En el caso de Fraleigh (1984), representante del formalismo ético en deporte, la concepción de reglas que encontrábamos, era la de reglas como definitorias de la práctica deportiva, siendo éstas las que constituyen la naturaleza misma del deporte y las que marcan la zona de acción donde debe transcurrir la práctica de cualquier participante. Desde esta concepción de reglas se desestimaba todo tipo de trampa o violación, fueran de carácter intencional, no intencional o estratégica, pues se entiende que vulnera o destruye la naturaleza misma de la práctica deportiva al destruir su pilar fundamental: las reglas constitutivas. En el caso de Lumpkin, Stoll y Beller no son las reglas las que definen o caracterizan la práctica deportiva, pues este papel lo ocupan las virtudes que ellos proponen y que serían el resultado del razonamiento moral aplicado al deporte. Pese a ello, como buenos partidarios de una propuesta de ética de las virtudes marcadamente neoaristotélica à la MacIntyre, también tienen en cuenta en su propuesta la necesidad de seguir las reglas del deporte. Ello se debe a que además de las virtudes, en tanto que cualidades necesarias para obtener los bienes internos a la práctica y a la búsqueda de los modelos de excelencia, debe darse la dimensión de las reglas si queremos obtener dichos bienes y aspirar a los modelos de excelencia y al bien de una vida completa siempre dentro de una tradición social vigente.
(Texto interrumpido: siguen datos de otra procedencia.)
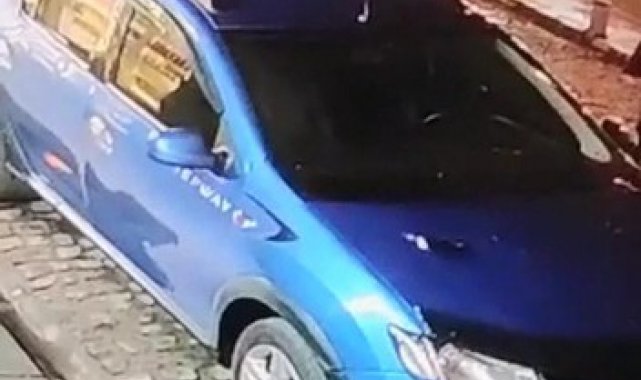 Mardin&#039;deki kuyumcu cinayetiyle ilgili güvenlik kamerası görüntüleri ortaya çıktı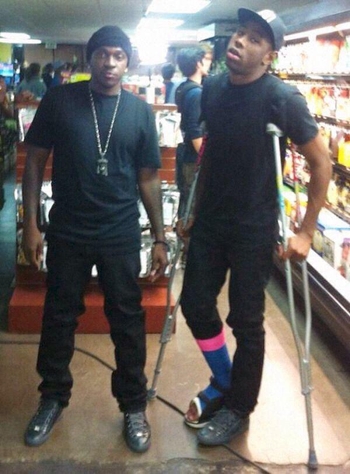 Tyler the Creator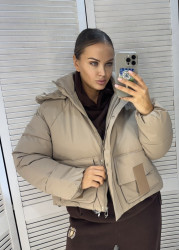 Куртки демисезонні жіночі оптом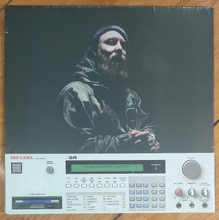 Carica l'immagine nel visualizzatore di Gallery, Vinile Educazione e Rispetto - Gio Lama Lp Vinile Nero fascia Obi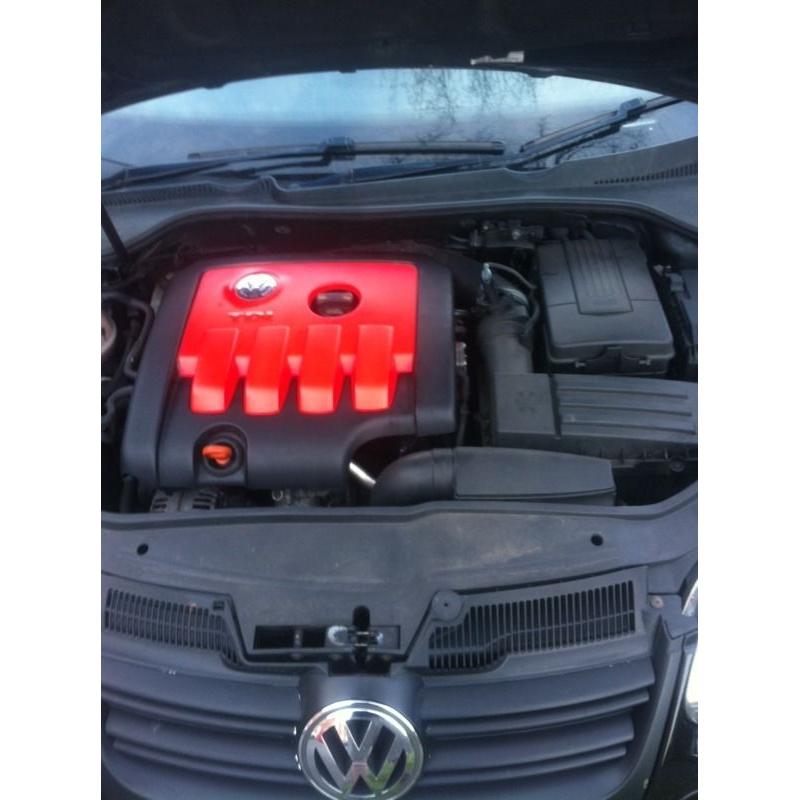 2.0 jetta tdi 140bhp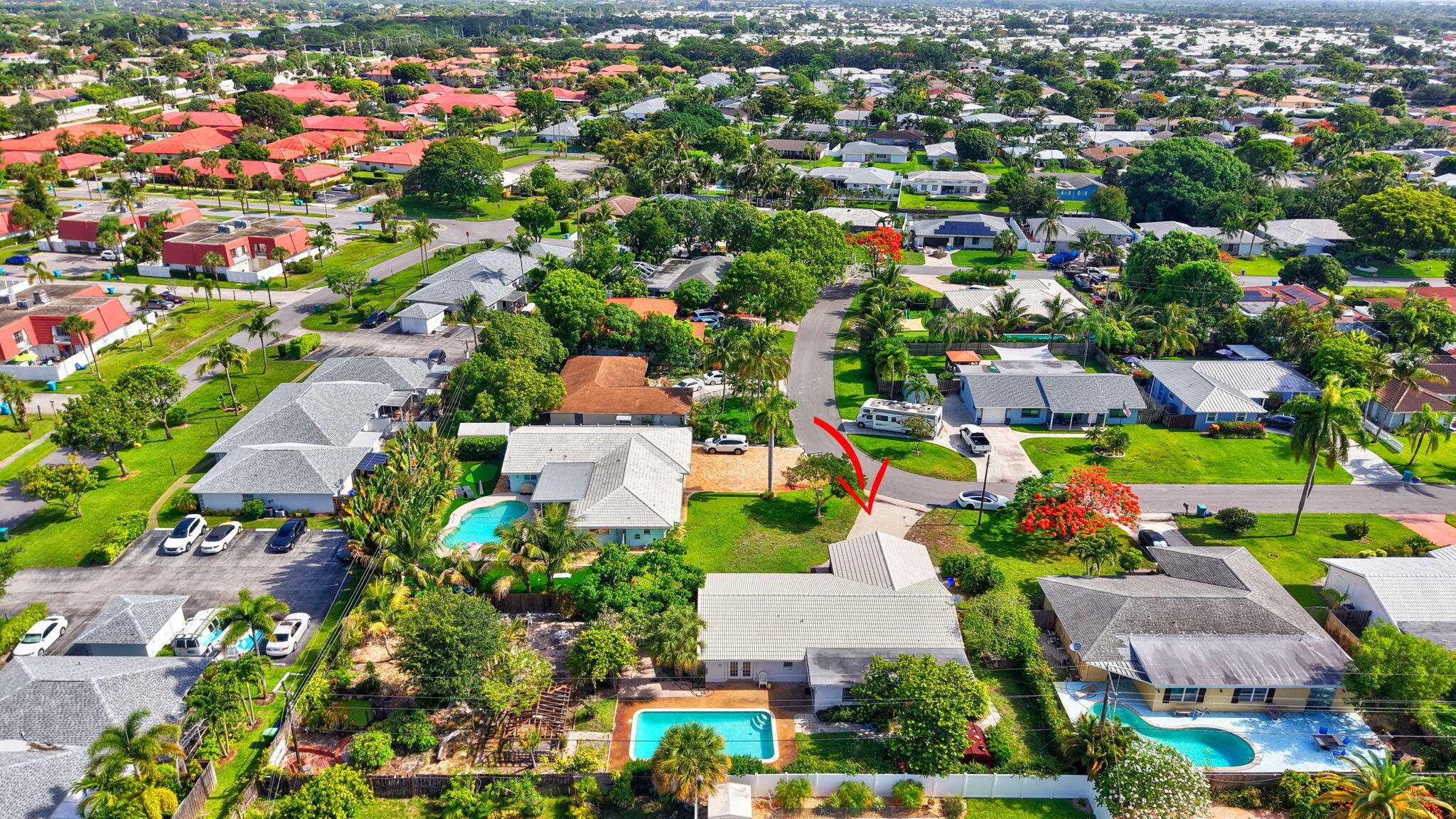 GOLFVIEW HARBOUR 2ND SEC - Residential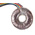 RS PRO 230V ac, 2 x 18V ac Toroidal Transformer, 50VA 2 Output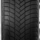 Dekk MICHELIN X-ICE SNOW+ 245/45 R18 100H A (dekk + felg) Firkant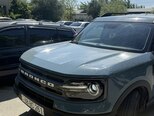 Ford Bronco Sport-1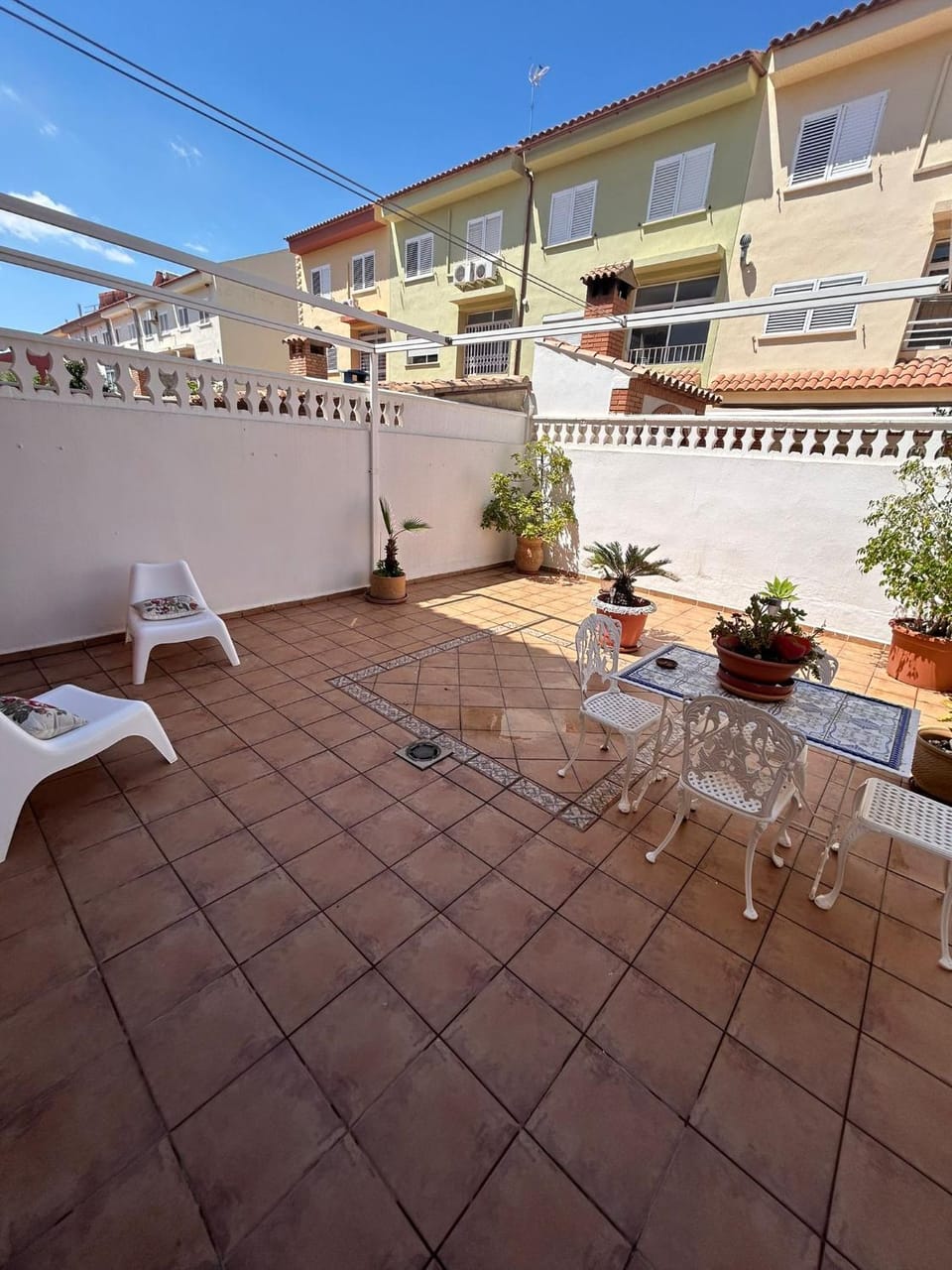 vivienda independiente Apartment in Canet d'en Berenguer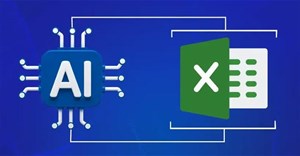 Những công cụ và plugin AI tốt nhất cho Excel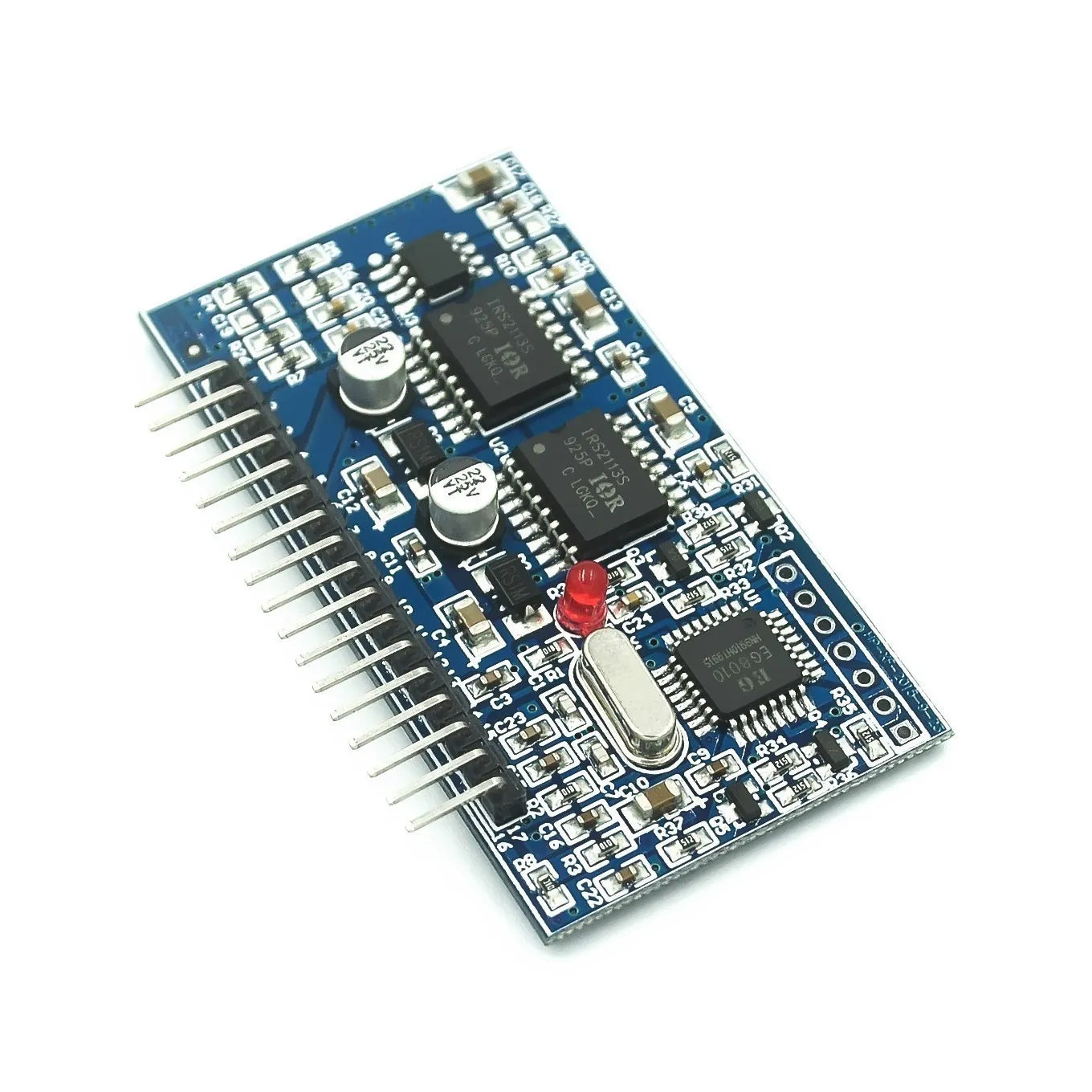 Custom 1set EGS002A EG8010 + IR2110 driver module Pure sine wave inverter driver board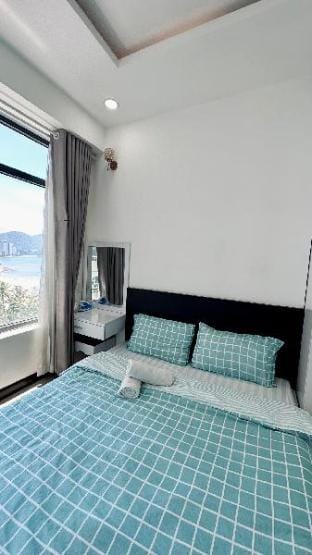 Seaview Cozy Apartment 2 Bedroom Vacation rental in Nha Trang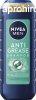 Nivea Sampon zslyval zsros hajra Men (Anti Grease Shampoo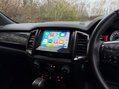 Ford Ranger 2.0 EcoBlue Wildtrak Auto 4WD Euro 6 (s/s) 4dr 8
En este contexto, nuestros autores de nuevo olvidan profundizar en relación a la importancia de la naturaleza de dichas reglas y de nociones que deberían ir a la par de este importante concepto como son las de deber, obligación, responsabilidad, procedimiento o compromiso universa-lizable, como sí tiene en cuenta el deontologismo ético neokantiano.

Otra importante noción que cae bajo su consideración es la de principio. Entienden por «principio» técnicamente como una declaración escrita de todas las reglas elaboradas (Lumpkin, Stoll & Beller, 1994: 28). Debe presuponerse que dichas reglas son veraces e imparciales y por ende nadie puede vulnerarlas en beneficio propio y en contra de los demás. El primer principio es el de lo justo, que se refiere a que tratemos a todas las personas con el mismo conjunto de reglas mediante el empleo de la distribución, el proceso adecuado, la retribución y la compensación. Este principio se muestra como una medida de equidad. El segundo principio consiste en ser honesto, el que se enmarca dentro de tres posibles conceptos negativos. Aquel que dice que mentir es verdaderamente deshonesto, el que dice que hacer trampas también es deshonesto, y finalmente el que desestima el robar, pues no tiene que ver con la honestidad. El tercer principio es el de lo responsable, que significa que tenemos que tomar conocimientos de nuestras acciones en el terreno deportivo y saber hacer lo que se tenía que hacer en ese momento, aceptando tanto las alabanzas como la culpa de lo que se haya hecho. El cuarto principio es el de la beneficencia, que cuenta con cuatro sub-apartados, que son: no hacer daño, eliminar los daños, prevenir los posibles daños, y finalmente hacer el bien. Este principio ―que es casi idéntico al principio de no maleficencia y de beneficencia que se recoge en el Informe Beltmont como dos principios de la bioética― se erige para Lumpkin, Stoll y Beller como el emblema de la civilización y del sujeto civilizado que debe caracterizarse por no ser descortés.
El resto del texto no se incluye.